Lanky: Well firstly an apology to all our faithful readers. I realise that we haven’t blogged for quite some time but there is a reason for this. Hayday and I went undercover, deep undercover, in an effort to assist the firm but probably not fair Maldivian police put together a robust highway code. Actually that’s a complete fabrication really (although there’ll be more on the highway code later). In fact Rich’s delightful missus, Sarah, came to stay. Since Recharge is the motivated one around here and I’m the brilliant but lazy latter-day wizard absolutely no blogging occurred.In fact if I’m honest with you all, which I feel we’re all close enough now to be, not a huge amount has really happened. The Maldives for all its charms has not exactly been Rio de Janeiro (that’s for you Lewis) for your indomitable heroes. In fact it’s not even been a slightly budget party island in Thailand for that matter. Instead we’ve (well just me really) actually had a rather pleasant time reading Jane Austen, buying a hat, playing bowls and getting some new dentures fitted.

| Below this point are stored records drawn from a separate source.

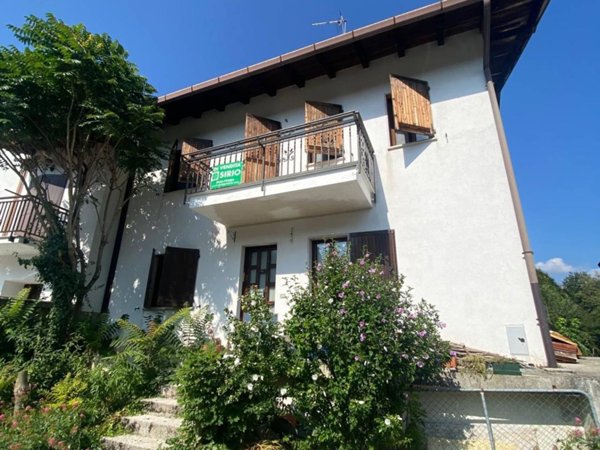 casa indipendente in vendita a Lusevera in zona Villanova
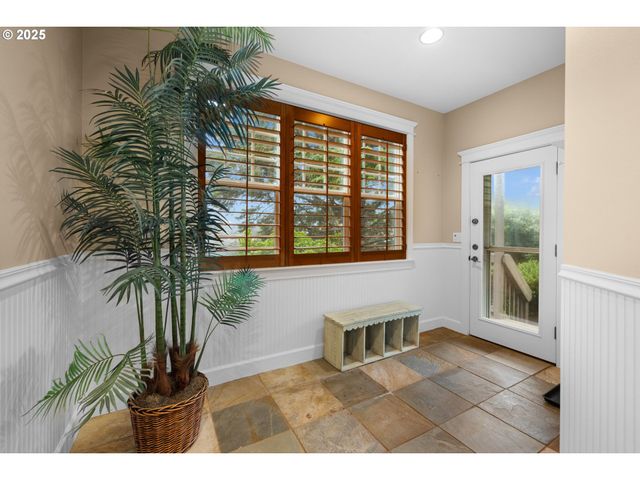 131 W NEBESNA St, Cannon Beach, OR 97110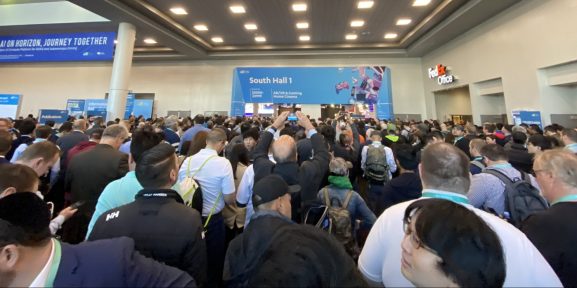 Crowds await entry to CES 2020.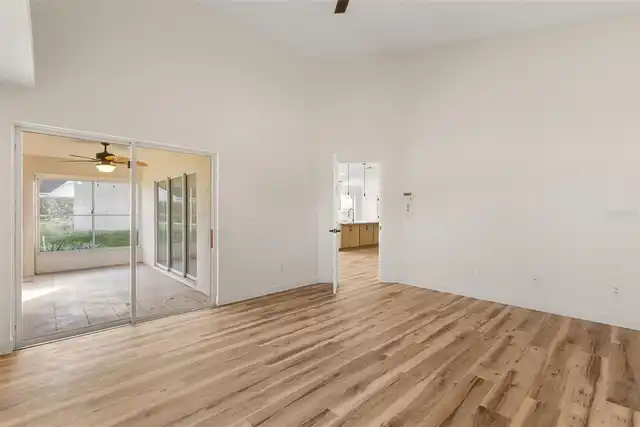 Listing Photo 27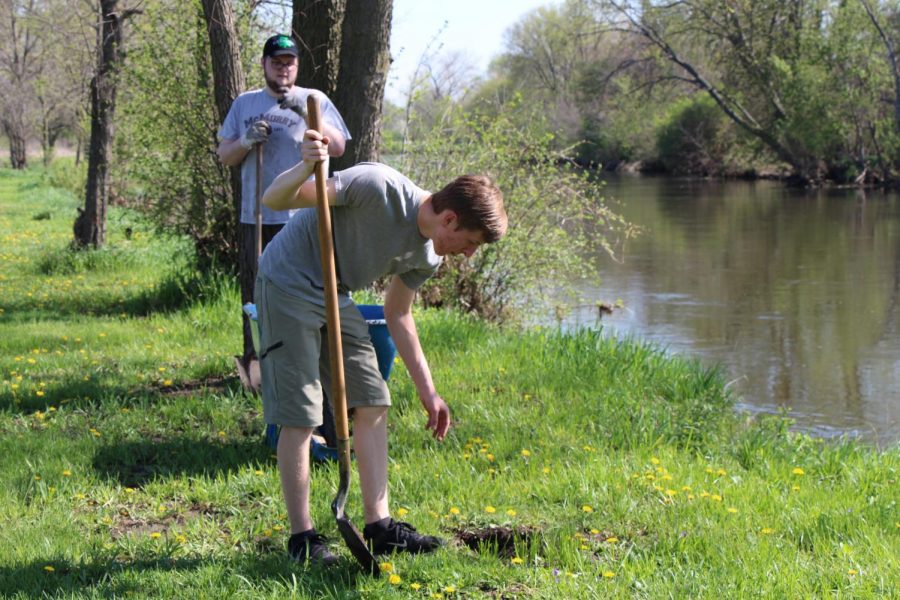 Senior Frank Ruane lends a helping hand to clean up the environment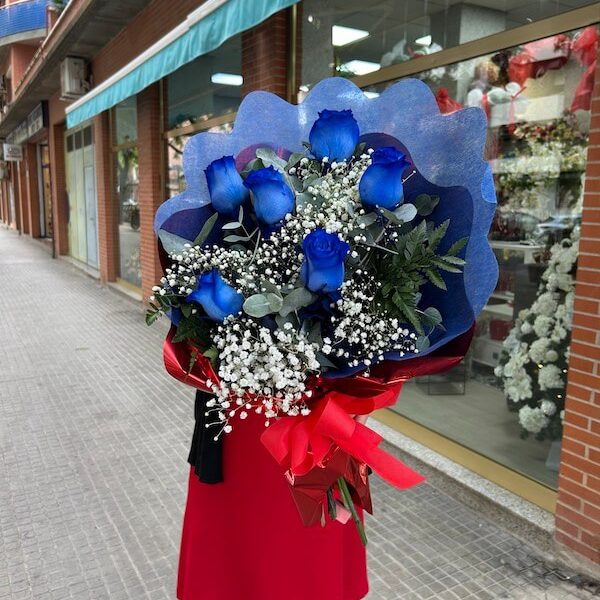 rosas-azules-rosas-seis Ramo de rosas azules frescas envueltas en papel decorativo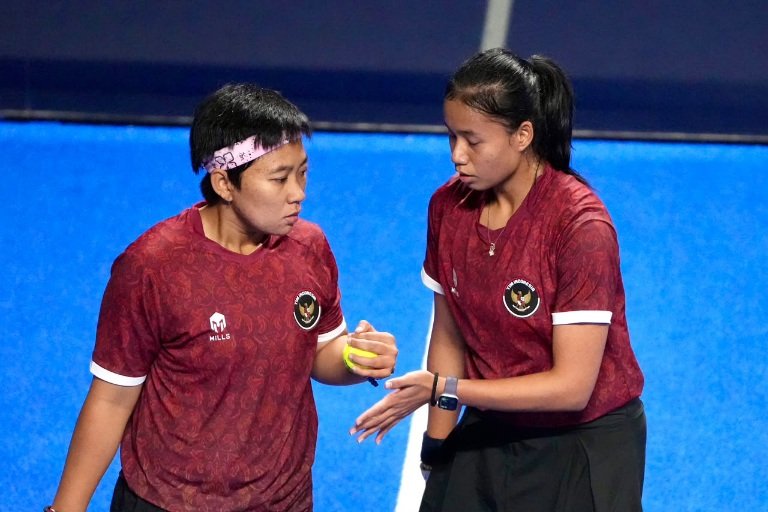 Pasangan ganda putri padel Indonesia, Fadona dan Fitriani sukses melangkah ke babak final nomor women’s pairs Asian Games 2026 di Nagoya City Higashi Sports Center, Jumat (2/10). (foto:Gilang/kemenpora.go.id)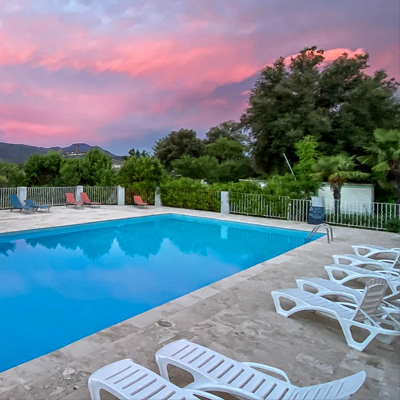 Couché de soleil à la piscine du camping santa barbara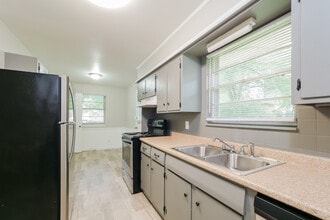 4503 E 112 Terrace in Kansas City, MO - Building Photo - Building Photo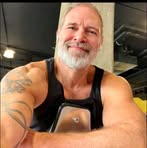 Frank Packer - Facebook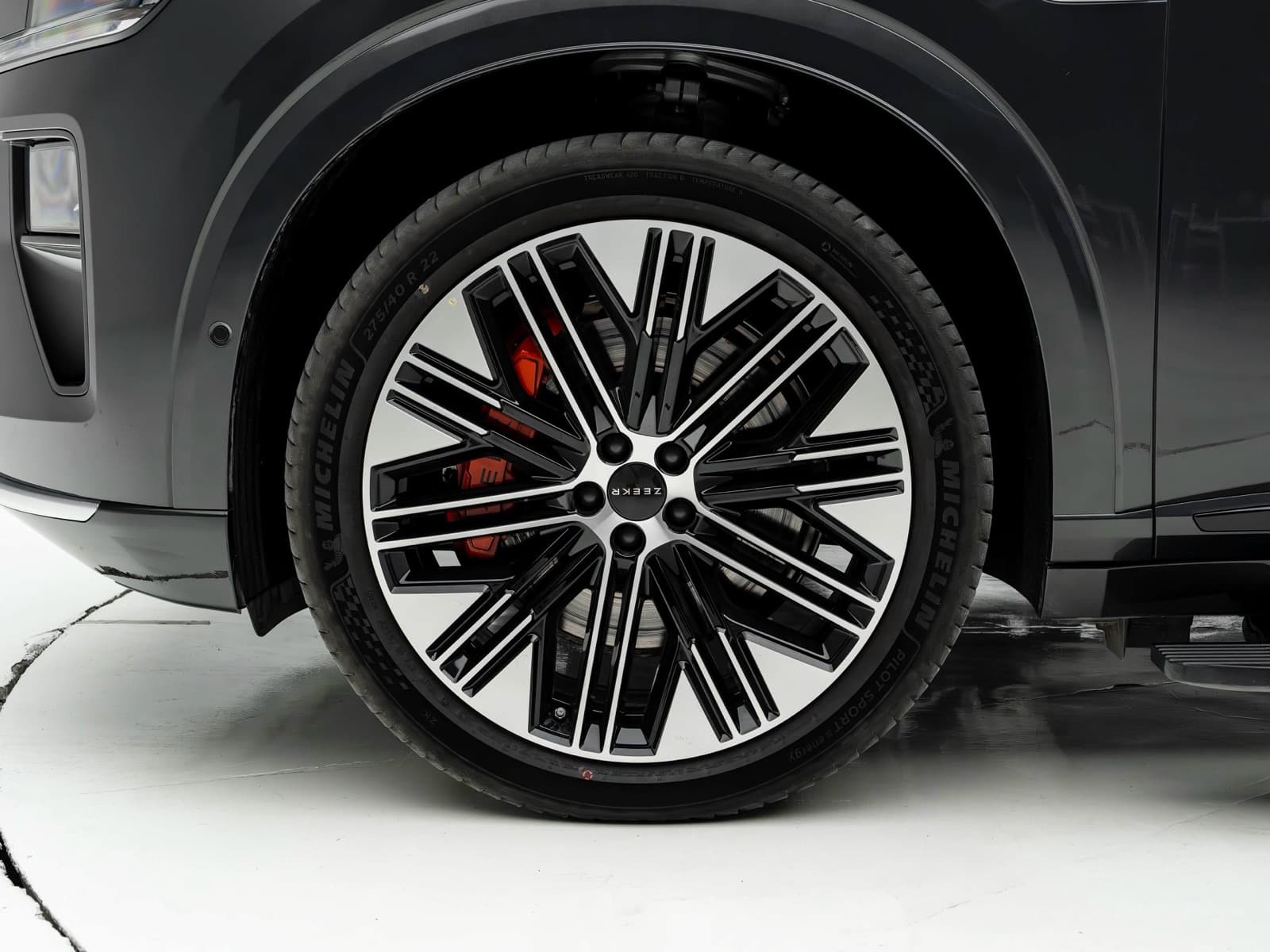 Zeekr 8X — detail photo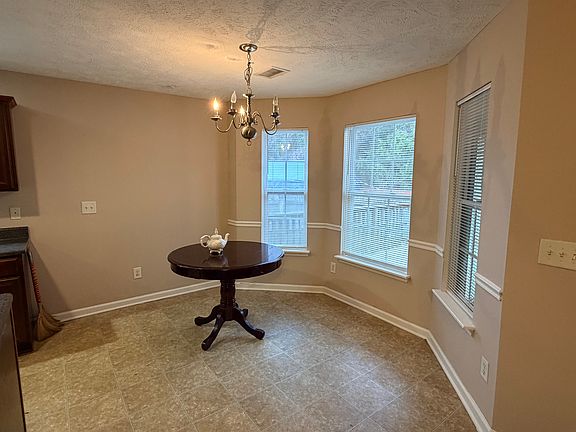 3rd image of 1065 Lakewalk Dr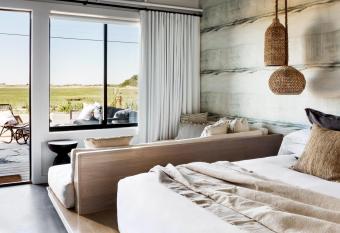 AWOL Hotel Provincetown has Balcony rooms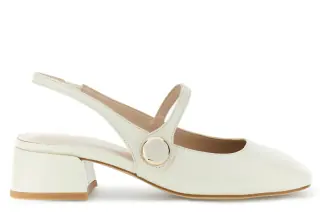 Slingback in pelle vernice con accessorio bottone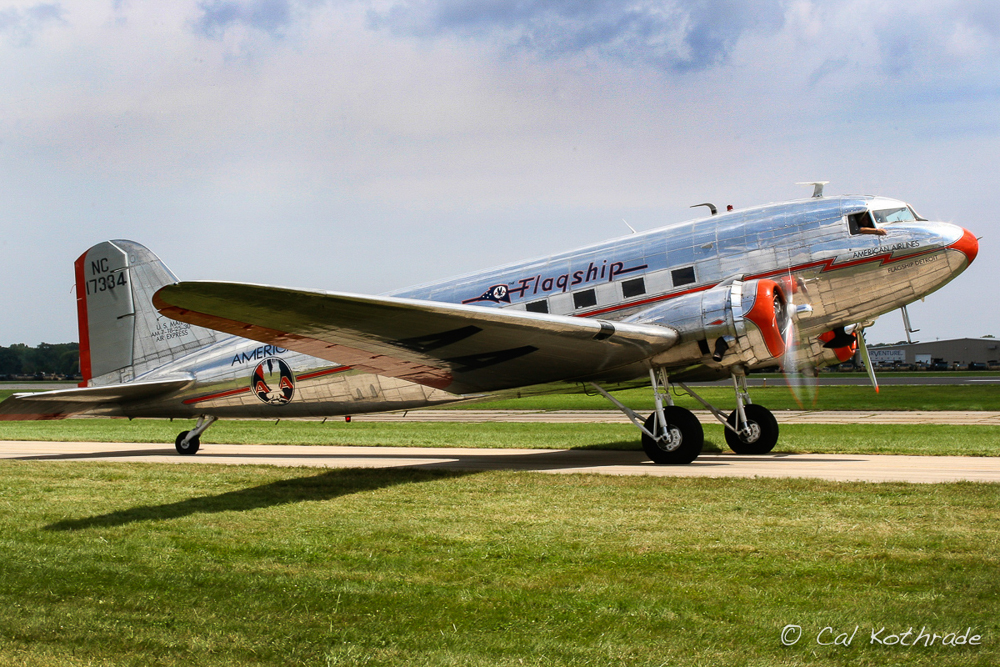 DC-3_Flagship_Detroit2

Hayday: It is interesting that whilst I am distracted by the delightful better half, the above baboon failed to rise to the challenge to take the lead and ensure that our avid followers were entertained. I wonder whether this failure to rise continues in other aspects of his life…
Lanky: Just to put all those ladies’ and gentlemen’s minds out there at rest I suffer no such problems. Anyway I’ve got this one friend, right, that does have the problem and he told me that you can get medication and it in fact makes you even better. That’s what my friend told me.